Graham is known for the dozen or so single varietals he produces from his vineyards near Lower Lake, in the Red Hills AVA (American Viticultural Area). But in 2008 he decided to play around with some Syrah.
“The idea was to blend Syrah and Malbec, but I also wanted some herbaceousness in it,” Graham recalled.
So he added a little Cabernet. After another sample, he worked in some Grenache, just to develop the fruity aspects. When he was finished, the Cinder Cone Reserve included a touch of Petite Sirah, as well.
The concept might be illegal in the staid world of French wine.
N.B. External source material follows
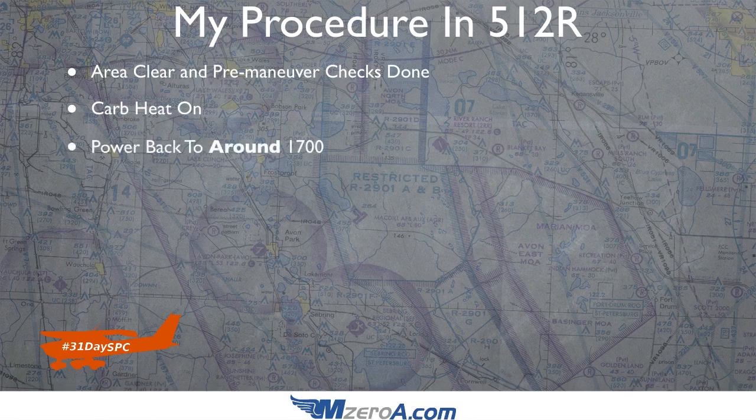I bring the power back to around 1700 RPM — notice that 'around' is in bold, because a lot of students get too picky. They'll fixate on exactly 1700, going to 1600 then 1800, fighting the throttle with the anxiety of knowing they're about to do a stall. You don't need that — bring it back to around 1700. We don't care how you get into the stall; I care about the recovery. You practice stalls to practice recoveries, not to practice how to get into them.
After all, it involves both Rhone and Bordeaux varietals and crossing the lines of terroir is a non-non. But the execution of it worked so well, Graham”s 2010 Cinder Cone earned the title of Best Red Wine from the Lake County People”s Choice Awards.
Clearly the French have it all wrong.
Graham”s blend plumbs the depths of flavors slipping past the peak of ripeness, turning it into a kind of joyride, a plummeting bittersweet adventure.
Soft pepper is the first impression on the nose, followed by aromas of thorny brush in fall, peaking through a mass of dark fruit and pomace. On the palate it is even richer: dark forest berries, bitter chocolate, charred wood, drying leaves and more — the essence of fall, with the tailings of summer and the sting of a coming chill, all in one glass.
“I worked on it for several months,” Graham said with nonchalance. “It came out nice.”
The 2010 was Gregory Graham Wines third Cinder Cone vintage. In that time, Graham has also lived by another lesson blends will teach otherwise unwary vintners.
“You keep working on it,” he said, “but you have to have a reference.”
In other words, once satisfied with that first Cinder Cone in 2008, the next vintage had to show the same characteristics, even as the winemaker refined its profile every so slightly — easing the wine around a curve rather than yanking it sharply into a corner.
Graham limits the production of Cinder Cone to 500 cases a year. He ferments in batches and selects from both French and American oak for aging.